PSI nations ultimately want to amass more general authority to prosecute counter-proliferation efforts, beyond the standoff with Pyongyang. Certain exceptions to freedom of navigation gained legitimacy over the centuries before being codified in written treaties. For example, ships engaged in piracy or slave trading are subject to boarding on the high seas. By banding together to stop weapons-related cargoes, PSI nations are trying to add proliferation to this list of universal offenses.
Will they succeed? Gyrations over what constitutes permissible infringement on free navigation are nothing new.

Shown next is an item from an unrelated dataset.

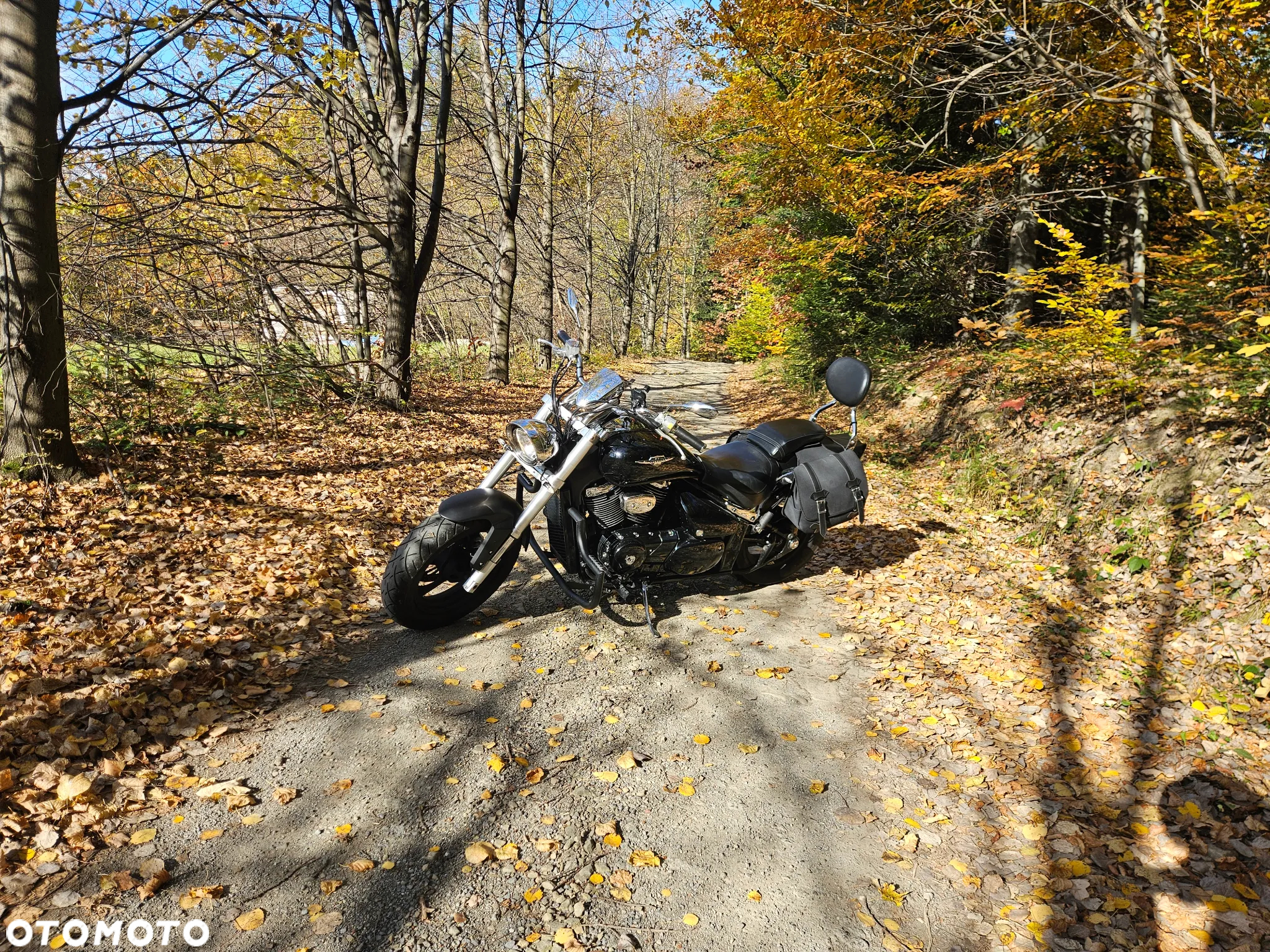 Suzuki Intruder - 2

US president Abraham Lincoln tied himself in legal knots by imposing a blockade on the breakaway Confederacy while simultaneously labeling the Confederates an insurgency, a nonstate actor with no standing under international law. In the Cuban Missile Crisis, the Falklands War and the Iraq wars, states cordoning off their opponents went out of their way to avoid declaring formal blockades. Instead they billed their actions as maritime “exclusion zones,” “quarantines” and the like.
The PSI’s struggle for broad acceptance, then, is only the latest in a series of protracted legal wrangles.
Now, as in bygone eras, making and enforcing maritime law is a messy business.
James Holmes is an associate professor of strategy at the US Naval War College and a faculty associate at the University of Georgia’s School of Public and International Affairs. The views voiced here are his alone.